Dans un nouveau communiqué publié le 5 octobre, le M23 a même accusé le contingent burundais de la force régionale de l’EAC de prendre part à ces combats. Des accusations qui ont été à chaque fois démenties par les autorités congolaises, par la voix du porte-parole du nouveau gouverneur du Nord-Kivu, Peter Cirimwami Nkuba. Les FARDC ont elles-mêmes accusé les rebelles d’avoir visé aux mortiers leurs positions à Kibumba. Selon nos informations, un poste avancé de l’armée situé sur la RN2 à une trentaine de kilomètres au nord de Goma a bien été la cible de tirs de mortiers, ce vendredi. Des instructeurs roumains, membres d’une société de sécurité privée dirigée par l’ancien légionnaire Horațiu Potra, se trouvaient alors sur place.

Alors qui affronte vraiment le M23 et qui a lancé les hostilités ? Selon diverses sources sécuritaires, les combats ont débuté dans une zone où est active l’Alliance des patriotes pour un Congo libre et souverain (APCLS). Créée en 2010 à partir d’une des trois ailes des Patriotes résistants congolais (Pareco), l’APCLS s’est imposée comme l’un des principaux groupes Maï-Maï de l’est de la RDC, sous le commandement du général autoproclamé Janvier Karairi.
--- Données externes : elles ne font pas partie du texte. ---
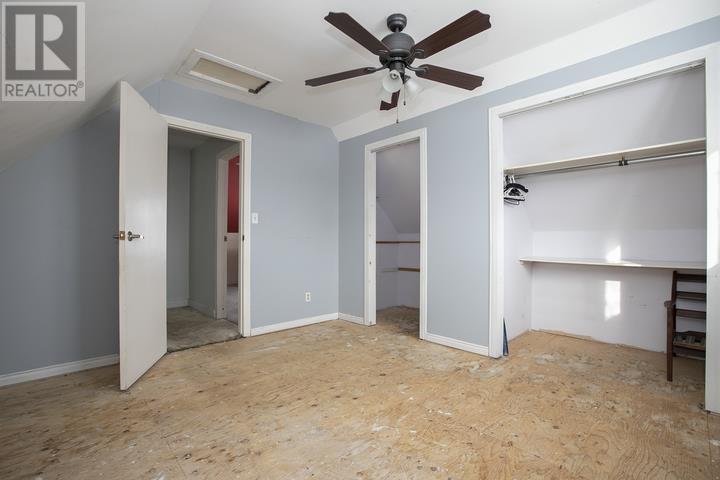 371 Elizabeth St, Sault Ste. Marie, ON - Indoor Photo Showing Other Room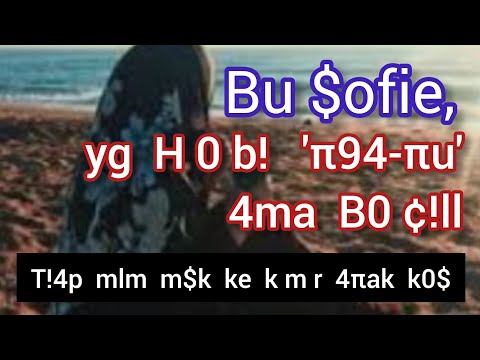 Waita $€tegah Tua itu... || Kisah Nyata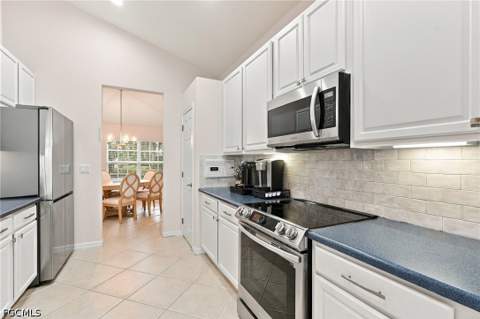 9279 Independence Way, Fort Myers FL - photo 12 of 61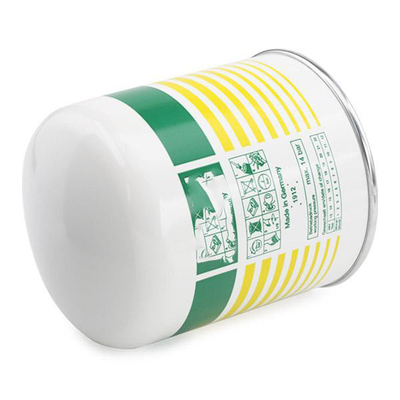 Standard OEM Trocknerfilter Luft TB1374 PFA5693 W58000BR TB 1374 X Sonstiges Fahrzeug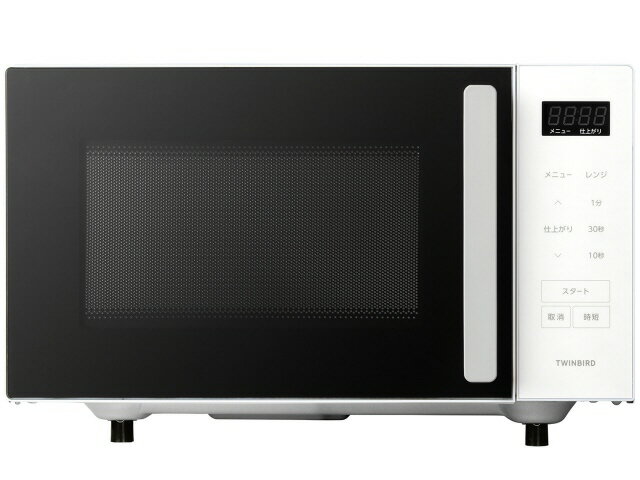 ڥݥ10ܡ ԲġۥĥС Żҥ DR-F323W [ۥ磻] [סñǽŻҥ ̡23L ⹽¤եå ѿͿ2 󥸽ϡ1000W] P10ܡ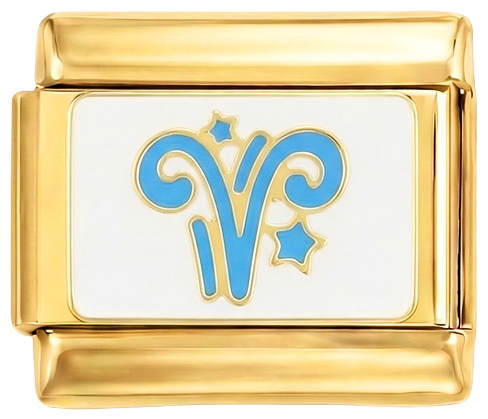 Slaido vaizdas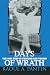 Book Days of Wrath: The 1990 Coup in Trinidad and Tobago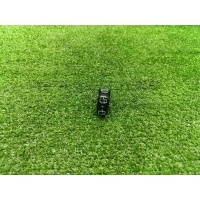 Кнопка Mercedes-Benz ML W163 2003 A1638203410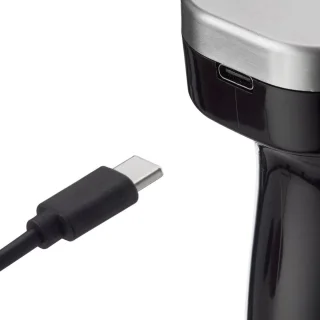 CRLYN Staafmixer Set Draadloos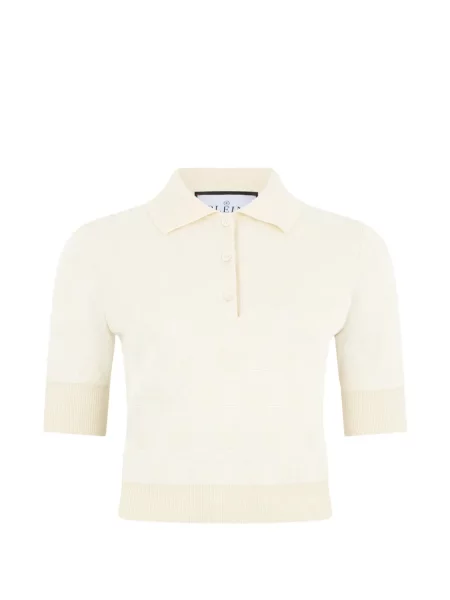 Top Philipp Plein din jacard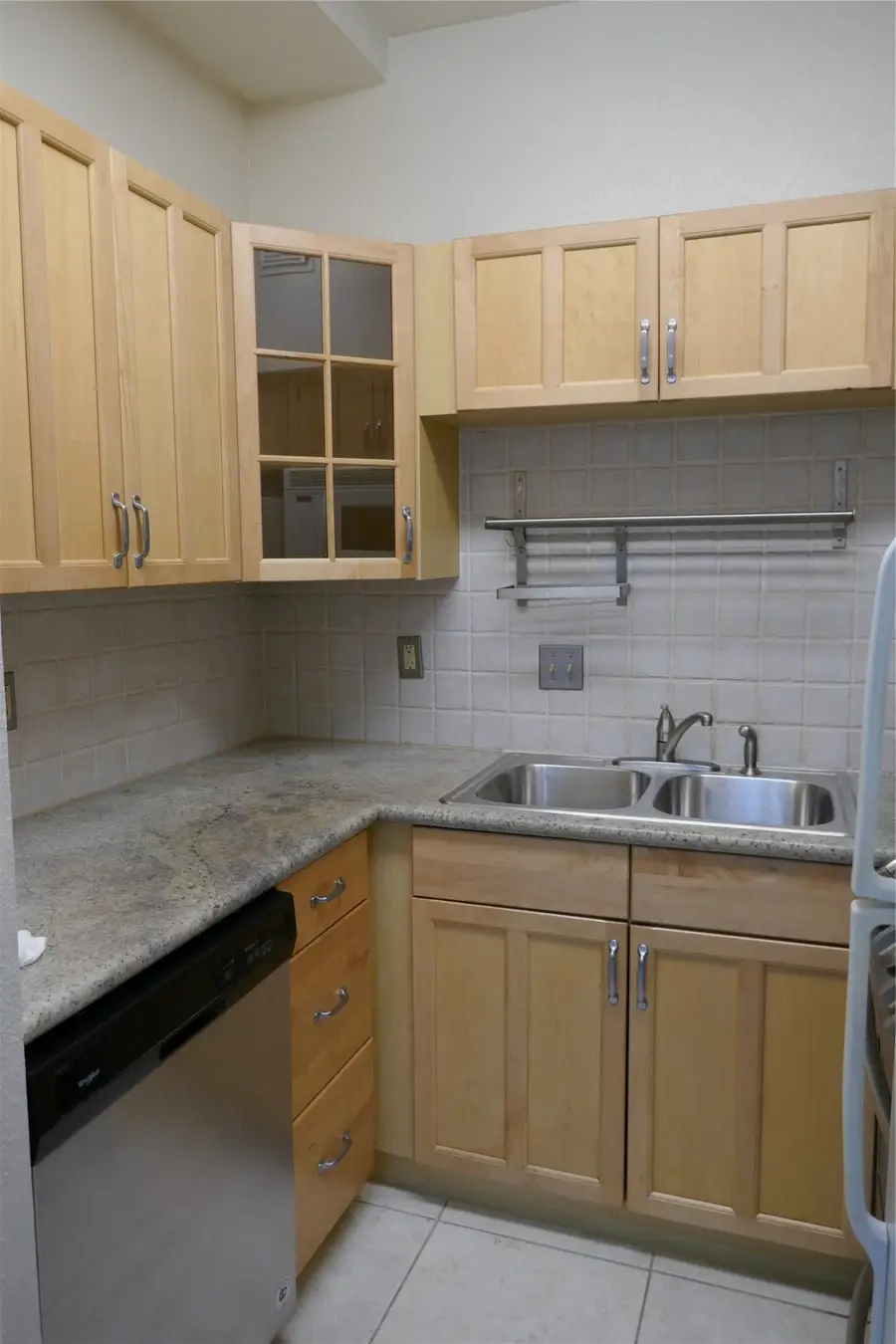2100 Tanglewilde Street #261, Houston, TX 77063 - #3
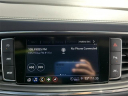 Thumbnail image of 2022 Buick Enclave at Lafontaine Buick GMC of Ann Arbor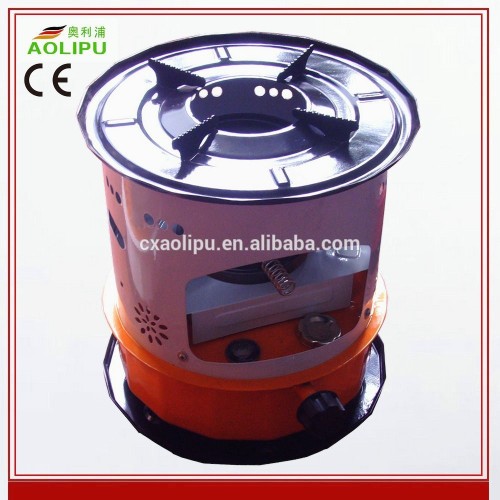 Portable Kerosene Stove Burners Cooker Burner, High Quality Portable Kerosene Stove Burners
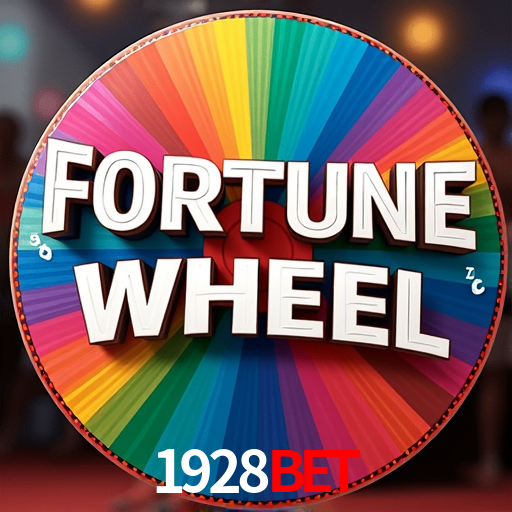 Exclusive Offers 1928Bet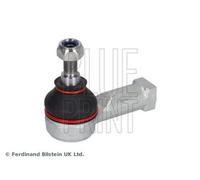 BLUE PRINT Rótula de dirección ADC48713 para MITSUBISHI L 300 III Bus Delantero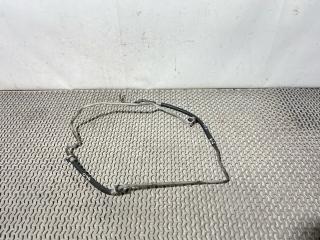 масляная трубка Chevrolet Cruze 1 поколение [рестайлинг] 2015, 1.4 л., АКПП, черный, седан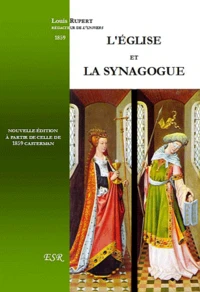 L'église et la synagogue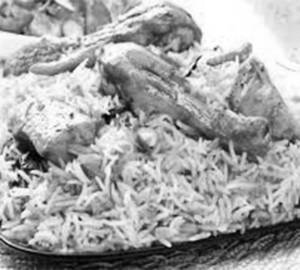 Chicken Family Pack Chicken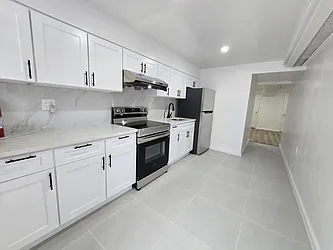 30-79 46th Street, #1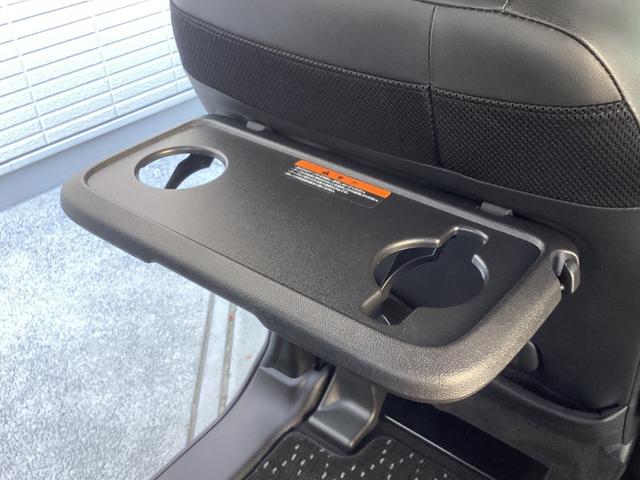 デリカミニ T プレミアム ワンオーナー メモリーナビ 全周囲カメラ ETC2.0 マイパイロット 衝突被害軽減ブレーキ 踏み間違い防止装置 パーキングセンサー 両側電動スライドドア シートヒーター オートマチックハイビーム(23枚目)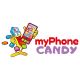 Myphone Funny Candy - 12 pièces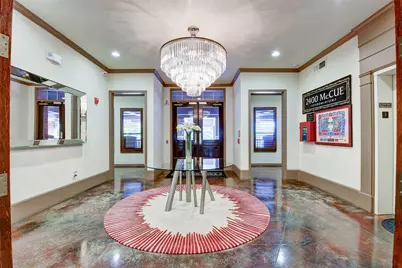 2400 McCue Road #448, Houston, TX 77056 - Photo 23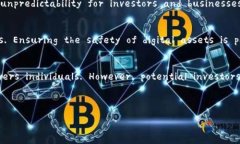 当然！以下是一个关于加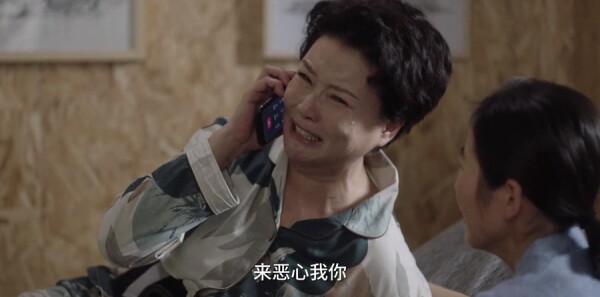 С��÷ּ��������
« L’APCLS affronte le M23 avec le soutien de groupes d’auto-défense, comme la coalition Abazungu et la faction Nduma défense du Congo-Rénové (NDC-R) de Guidon Shimiray Mwissa », explique une source diplomatique en poste à Goma. Guidon Shimiray apparaît même dans une vidéo diffusée le 5 octobre sur les réseaux sociaux, mais que nous ne sommes pas en mesure de dater. On le voit s’extraire d’un véhicule de l’armée en tenue militaire, une écharpe aux couleurs de la RDC lui ceignant le torse.

Guerre par procuration ?

À l’heure actuelle, il n’y a néanmoins aucune preuve de l’implication des FARDC dans ces combats. Mais le rôle de l’armée congolaise pose question. L’action de l’APCLS ne lui permet-elle pas de mener une guerre par procuration contre le M23 ?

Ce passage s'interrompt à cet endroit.